## What is required
Copy nothing from the entries below except the lines from the one containing "Vincent van Gogh" through the one containing "Coffee Table, 1-Piece", and copy those exactly.

## Records supplied
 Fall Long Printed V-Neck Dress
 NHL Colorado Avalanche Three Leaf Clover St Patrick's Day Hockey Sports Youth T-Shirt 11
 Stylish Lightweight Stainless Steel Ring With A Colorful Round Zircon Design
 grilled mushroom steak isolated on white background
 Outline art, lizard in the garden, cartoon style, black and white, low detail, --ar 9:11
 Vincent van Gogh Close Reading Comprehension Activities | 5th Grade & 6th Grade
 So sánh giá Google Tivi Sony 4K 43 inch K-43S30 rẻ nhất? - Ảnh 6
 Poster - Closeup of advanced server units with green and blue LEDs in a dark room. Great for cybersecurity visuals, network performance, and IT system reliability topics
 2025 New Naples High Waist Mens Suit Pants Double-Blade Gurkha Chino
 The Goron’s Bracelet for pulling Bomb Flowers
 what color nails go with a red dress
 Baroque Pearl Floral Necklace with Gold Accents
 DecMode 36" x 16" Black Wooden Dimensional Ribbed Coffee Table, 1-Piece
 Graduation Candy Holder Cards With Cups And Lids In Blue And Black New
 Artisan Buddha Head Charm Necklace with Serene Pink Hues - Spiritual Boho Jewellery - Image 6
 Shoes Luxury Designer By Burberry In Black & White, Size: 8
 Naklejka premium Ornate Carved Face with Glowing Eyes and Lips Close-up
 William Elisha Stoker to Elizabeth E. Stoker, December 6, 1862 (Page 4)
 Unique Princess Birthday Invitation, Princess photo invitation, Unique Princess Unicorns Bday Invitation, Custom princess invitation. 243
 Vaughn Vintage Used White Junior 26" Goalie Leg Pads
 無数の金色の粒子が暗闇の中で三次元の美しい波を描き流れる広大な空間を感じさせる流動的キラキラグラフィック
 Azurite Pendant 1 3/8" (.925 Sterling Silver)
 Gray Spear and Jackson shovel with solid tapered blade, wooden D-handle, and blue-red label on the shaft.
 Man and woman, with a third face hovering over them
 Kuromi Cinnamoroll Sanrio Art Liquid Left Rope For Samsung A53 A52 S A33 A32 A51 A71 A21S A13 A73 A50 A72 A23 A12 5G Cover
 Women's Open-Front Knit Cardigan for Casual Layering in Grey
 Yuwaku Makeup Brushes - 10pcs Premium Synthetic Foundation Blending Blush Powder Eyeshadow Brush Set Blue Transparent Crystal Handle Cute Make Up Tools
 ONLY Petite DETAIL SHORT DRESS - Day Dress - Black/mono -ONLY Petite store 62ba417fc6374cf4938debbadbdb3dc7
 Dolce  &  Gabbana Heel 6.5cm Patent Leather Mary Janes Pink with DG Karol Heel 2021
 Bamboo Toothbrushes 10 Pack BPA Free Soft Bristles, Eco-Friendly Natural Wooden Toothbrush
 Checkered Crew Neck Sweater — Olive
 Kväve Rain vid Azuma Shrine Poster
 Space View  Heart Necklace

## Your solution
 Vincent van Gogh Close Reading Comprehension Activities | 5th Grade & 6th Grade
 So sánh giá Google Tivi Sony 4K 43 inch K-43S30 rẻ nhất? - Ảnh 6
 Poster - Closeup of advanced server units with green and blue LEDs in a dark room. Great for cybersecurity visuals, network performance, and IT system reliability topics
 2025 New Naples High Waist Mens Suit Pants Double-Blade Gurkha Chino
 The Goron’s Bracelet for pulling Bomb Flowers
 what color nails go with a red dress
 Baroque Pearl Floral Necklace with Gold Accents
 DecMode 36" x 16" Black Wooden Dimensional Ribbed Coffee Table, 1-Piece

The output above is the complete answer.